Missouri Democratic Presidential Primary – Livingston County (2020)
| Party |  | Candidate | Votes | % | ±% |
|---|---|---|---|---|---|
|  | Democratic | Joe Biden | 583 | 68.83 |  |
|  | Democratic | Bernie Sanders | 202 | 23.85 |  |
|  | Democratic | Tulsi Gabbard | 11 | 1.30 |  |
|  | Democratic | Others/Uncommitted | 51 | 6.02 |  |

Incumbent President Donald Trump (R-Florida) faced a primary challenge from former Massachusetts Governor Bill Weld, but won both Livingston County and statewide by large margins.

Missouri Republican Presidential Primary – Livingston County (2020)
| Party |  | Candidate | Votes | % | ±% |
|---|---|---|---|---|---|
|  | Republican | Donald Trump | 875 | 97.66 |  |
|  | Republican | Bill Weld | 5 | 0.56 |  |
|  | Republican | Others/Uncommitted | 16 | 1.79 |  |

====2016====
The 2016 presidential primaries for both the Republican and Democratic parties were held in Missouri on March 15. Businessman Donald Trump (R-New York) narrowly won the state overall and won a plurality of the vote in Livingston County. He went on to win the presidency.

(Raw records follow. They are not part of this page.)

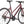 Laden Sie das Bild in den Galerie-Viewer, Specialized Sirrus 3.0 ST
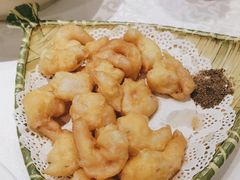 -都一处 (方庄店)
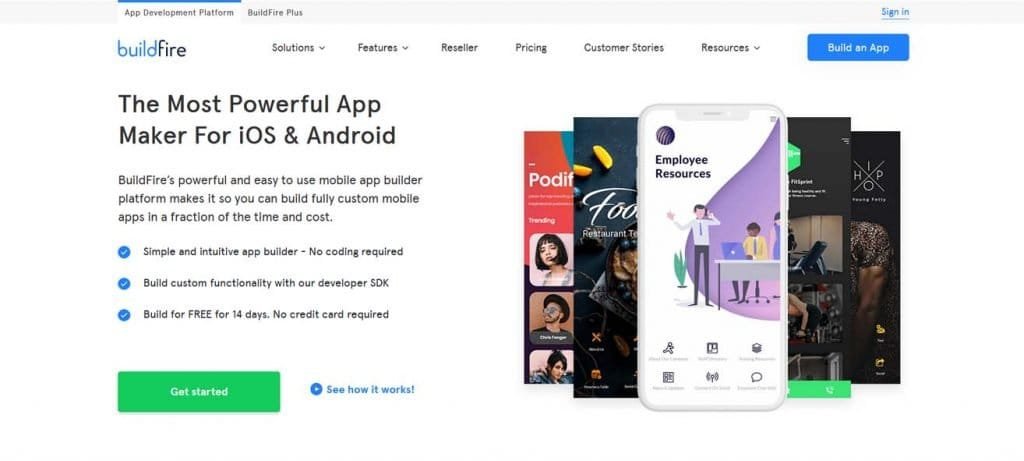 Profitable Digital Products to Sell Online USA 2022 10 Buildfire
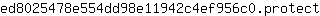 e***t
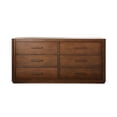 thumbnail image 4 of Member's Mark Holden Dresser, 4 of 5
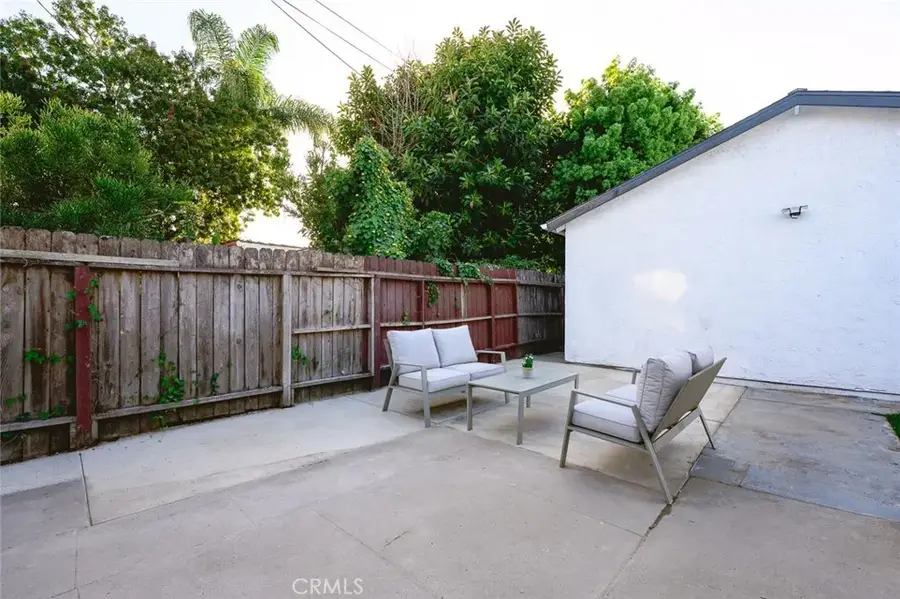 1065 Bennett, Long Beach, CA 90804 - Image #3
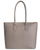 Çantë krahu Furla M Tote 978771, e hirtë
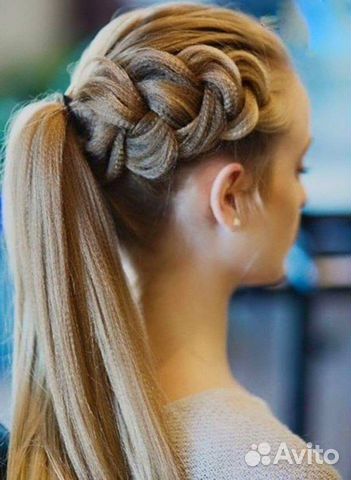 Продаю новые Профессиональные щипцы для волос(гофр Продаю новые Профессиональные щипцы для волос(гофр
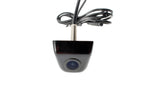 2020-2023 Tacoma Spare Tire Swing Arm Camera Kit - Plug and Play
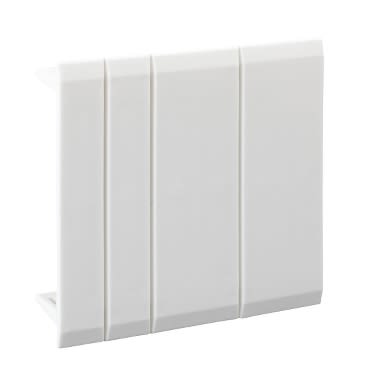 SCHNEIDER ELECTRIC SEA9BP25N - EACH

Missouri Republican Presidential Primary – Livingston County (2016)
| Party |  | Candidate | Votes | % | ±% |
|---|---|---|---|---|---|
|  | Republican | Donald Trump | 1,191 | 46.06 |  |
|  | Republican | Ted Cruz | 886 | 34.26 |  |
|  | Republican | John Kasich | 261 | 10.09 |  |
|  | Republican | Marco Rubio | 150 | 5.80 |  |
|  | Republican | Others/Uncommitted | 98 | 3.79 |  |

On the Democratic side, former Secretary of State Hillary Clinton (D-New York) narrowly won statewide, but Senator Bernie Sanders (I-Vermont) carried Livingston County by a single vote.

Missouri Democratic Presidential Primary – Livingston County (2016)
| Party |  | Candidate | Votes | % | ±% |
|---|---|---|---|---|---|
|  | Democratic | Bernie Sanders | 398 | 48.60 |  |
|  | Democratic | Hillary Clinton | 397 | 48.47 |  |
|  | Democratic | Others/Uncommitted | 24 | 2.93 |  |

====2012====
The 2012 Missouri Republican Presidential Primary's results were nonbinding on the state's national convention delegates. Voters in Livingston County supported former U.S. Senator Rick Santorum (R-Pennsylvania), who finished first in the state at large, but eventually lost the nomination to former Governor Mitt Romney (R-Massachusetts). Delegates to the congressional district and state conventions were chosen at a county caucus, which selected a delegation favoring former U.S. House Speaker Newt Gingrich. Incumbent President Barack Obama easily won the Missouri Democratic Primary and renomination. He defeated Romney in the general election.

====2008====
In 2008, the Missouri Republican Presidential Primary was closely contested, with Senator John McCain (R-Arizona) prevailing and eventually winning the nomination.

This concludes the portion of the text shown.